Christmas Day dawned earlier than usual I think.  It may have started rather bleary eyed, but I was able to spend the morning with my daughter, and watching her opening her presents made me happy.  Knowing that the week before she had given her last five dollars to a family in a store parking lot that looked like they could use the help, no matter how small, made me happy.  Watching her open a special present that a kind, anonymous angel had gone through a lot of trouble to give to her, made me happy.  That is what Christmas is about. Christmas is about sharing what we have, no matter how little it is, with others.  It’s kindness in our hearts.  It is the song on our lips.  One of my sisters had invited us to her house later that day, so we went.  There I was reminded again of what Christmas could be.  Watching my sister with her children and grandchildren, knowing how happy it made her to have them there, seeing her smile and laugh with her grandchildren, again made me happy.  I was reminded that Christmas is not about those that are too selfish to make the holidays special for others, but about the people in our lives, family and friends, who show us all year that we are important.  People who rally around us when we are in need, people who pick us up and help us to stand when we fall, people who offer their support, understanding, kindness and love all year round.  That is the spirit of Christmas.  That is the spirit of family.  Families are never perfect.  We all have our forms of dysfunction in one way or another, but those do not speak for the rest of us.  Those do not define our families.  We cannot help their actions.  Their actions do not speak for the rest of us, and they are most certainly not our faults.  I thank my sister for having my daughter and me join her family on Christmas Day, and I thank my nephews who go out of their way to include an aunt and a cousin in their lives.

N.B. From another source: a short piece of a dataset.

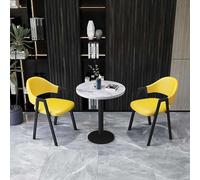 Ensemble de 3 tables de salle à manger avec dessus en imitation marbre, facile à assembler, pieds en bois massif, base ronde avec 2 chaises.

Christmas isn’t about lights, presents and bows.  Those things can be fun, but they aren’t what it’s about. Christmas isn’t about the people in our lives that we can’t control.  Christmas is so much more than that.  As we celebrate the birth of Christ, remember that there lies the spirit of Christmas.  Carry that spirit on in our hearts and in our actions.  Show love and kindness to others, and remember that there is joy to be found in not only this season, but in everything around us, every day.

For those that celebrate Christmas, Merry Christmas to you.  For those that do not, I wish you a very Happy New Year, filled with joy and happiness.  May we all learn that we can get along, no matter what our personal beliefs may be.  May we learn that is is okay to disagree, and even okay to speak our minds.  May we learn that it is not okay to hurt others by our words and actions.

I hope the New Year brings you much peace.